Neural AKT1 expression induces brain tumors with mixed neuronal and glial components.

(A)-(G) Representative brain samples from 1-month-old zebrafish injected with driver plasmid containing the NBT promoter (NBT:∆lexPR-lexOP-pA) together with a lexOP:AKT1-lexOP:tagRFP, showing clones of cells expressing the oncogene (red fluorescence). Some clones showed neuronal differentiation (axons, asterisk in D). (H), (H’) Example of a 1-month-old fish showing a large cerebellar clone of oncogene expressing cells. (I)-(N) Sections through the cerebellar tumor shown in (H’), showing red fluorescence from the transgene (I), (J), (K), (L), (M)-(N) and green fluorescence for immunohistochemistry for AKT1 (I’), (J’), Synaptophysin (K’) and GFAP (L’) or white nuclear staining (DAPI) (M), (N). Yellow arrows in (M) point to apoptotic bodies. Blue arrows in (N) point to mitotic figures. Scale bars represent: 100 µm for (A)-(G) and. (H’); 1 mm for (H); 50 µm for (I), (I’); 20 µm for (J)-(K’) and (M), (M’); 10 µm for (L), (L’) and (N).

Fig. 2

Induced transformation in AKT1-expressing cells leads to increased microglia numbers and microglial activation.

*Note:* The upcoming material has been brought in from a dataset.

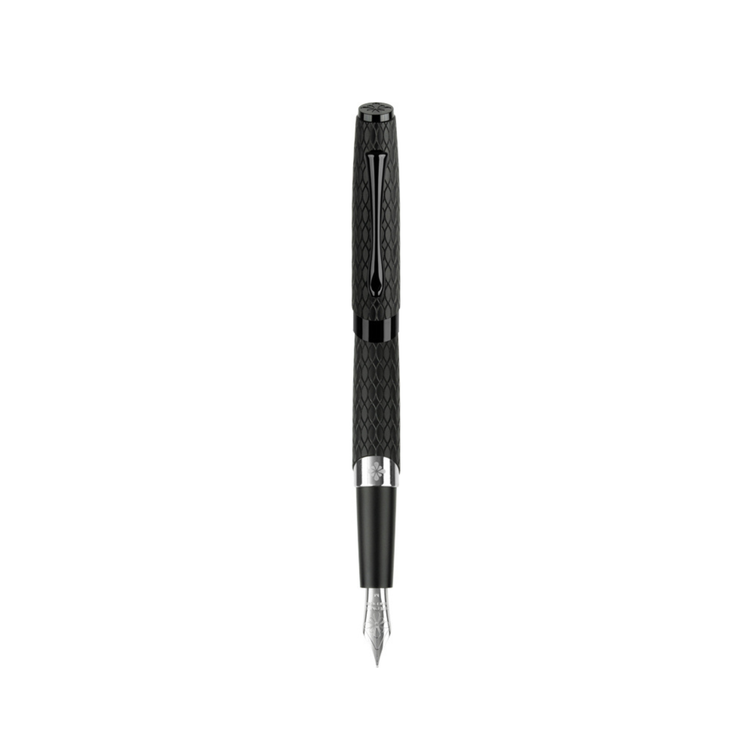Diplomat Cobra Fountain Pen in Matte Black Guilloche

(A) Immunohistochemistry using the microglia-specific antibody (α−4C4) showed increased microglia numbers and increased microglial activation upon overexpression of AKT1. Representative confocal images of the larval zebrafish brain are shown. Upper panels: upon control RFP expression, lower panels: upon AKT1 overexpression. White arrows indicate ramified microglia; Yellow arrows indicate amoeboid microglia. (Ai)-(Aiii) Higher magnifications of cells in the green (i), blue (ii) and yellow (iii) outlined areas. Upper panel shows 4C4 immunohistochemistry, lower panel shows segmented images using the surface tool in Imaris. (i) Represents a ramified cell (surface/volume ratio ~1), (ii) shows an activated cell (surface/volume ratio ~0.8) and (iii) shows a fully activated (amoeboid) cell (surface/volume ratio ~0.6) (B) Quantification of the numbers of microglia in the brain in control and following AKT1 overexpression (Control: 85.8 ± 2.45, n = 35 larvae; Akt1: 154.2 ± 8.15, n = 31 larvae, p<0.001, N = 3). (C) Quantification of the percentage activation within the microglial population in control and AKT1-positive fish (Control: 57.8 ± 2.26%, n = 10 larvae; AKT1: 84.5 ± 1.07%, n = 14 larvae, p<0.001, N = 2). Error bars represent mean ±SEM. Images were captured using a Zeiss LSM710 confocal microscope with a 20X/NA 0.8 objective. Scale bars represent 100 µm.

Fig. 3

Microglia and macrophages show direct interactions with AKT1-expressing cells.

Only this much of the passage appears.